Crude Oil Futures
Fundamental Analysis

Oil Prices Fall 1% as Investors Worry Over Fed’s Policy

  • Risk appetite fell on Wednesday as investors panicked due to a spike in US Treasury yields.
  • Recent US data shows that the Fed might have to keep interest rates higher for longer.
  • Crude inventories fell by 6.49 million barrels, beating.

Oil prices fell by 1% on Wednesday as investors worried about fuel demand due to the Fed’s higher-for-longer policy outlook. At the same time, a rally in the dollar made oil expensive for overseas buyers, leading to a drop in demand.

Oil vs dollar (Source: Nymex, Bloomberg)

Oil vs dollar (Source: Nymex, Bloomberg)

Risk appetite fell on Wednesday as investors panicked due to a spike in US Treasury yields. As a result, they dumped equities and commodities and ran for safer assets like the dollar. The rally in yields reflected expectations for interest rates. At the same time, it came after a poor debt auction in the US. 

Recent US data shows that the Fed might have to keep interest rates higher for longer to tame inflation. Business activity was better than expected in the manufacturing and services sectors, and consumer confidence soared in May. If the economy remains robust, prices will stay high, and the Fed will hesitate to cut interest rates.

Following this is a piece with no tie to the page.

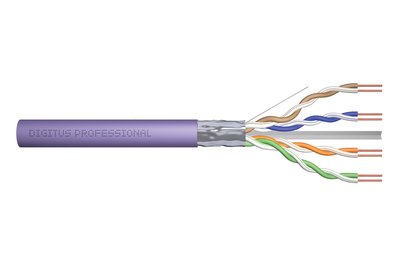 DIGITUS Cavo di installazione a doppino intrecciato CAT 6 F-UTP - 100 m - Cat6 - F/UTP (FTP) - Viola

High borrowing costs negatively impact oil demand. Consequently, the prospect of higher rates for a longer period is bearish for oil. Notably, the US consumer confidence report showed lingering inflation worries, with many consumers expecting high interest rates over the next year. This outlook will be tested on Friday when the US releases its core PCE price index report. Economists expect inflation to remain steady from the previous month. 

Meanwhile, crude inventories data showed robust demand in the last week, putting a floor on oil declines. According to American Petroleum Institute data, inventories fell by 6.49 million barrels compared to forecasts for a 1.9 million barrel drop. However, Energy Information Administration data was delayed due to the US holiday on Monday.

Elsewhere, analysts believe members will maintain production cuts at the OPEC+ meeting on Sunday. Any surprise changes in policy could cause significant market volatility. 

The International Monetary Fund upgraded its forecast for China’s economic growth this year from 4.6% to 5% after a solid Q1. This is bullish for oil, as a stronger economy could increase China’s fuel consumption.

In the Middle East, tensions continued as Israel raided Rafah and said the war would go on all year. This means that the risk of an escalation will remain, keeping traders cautious.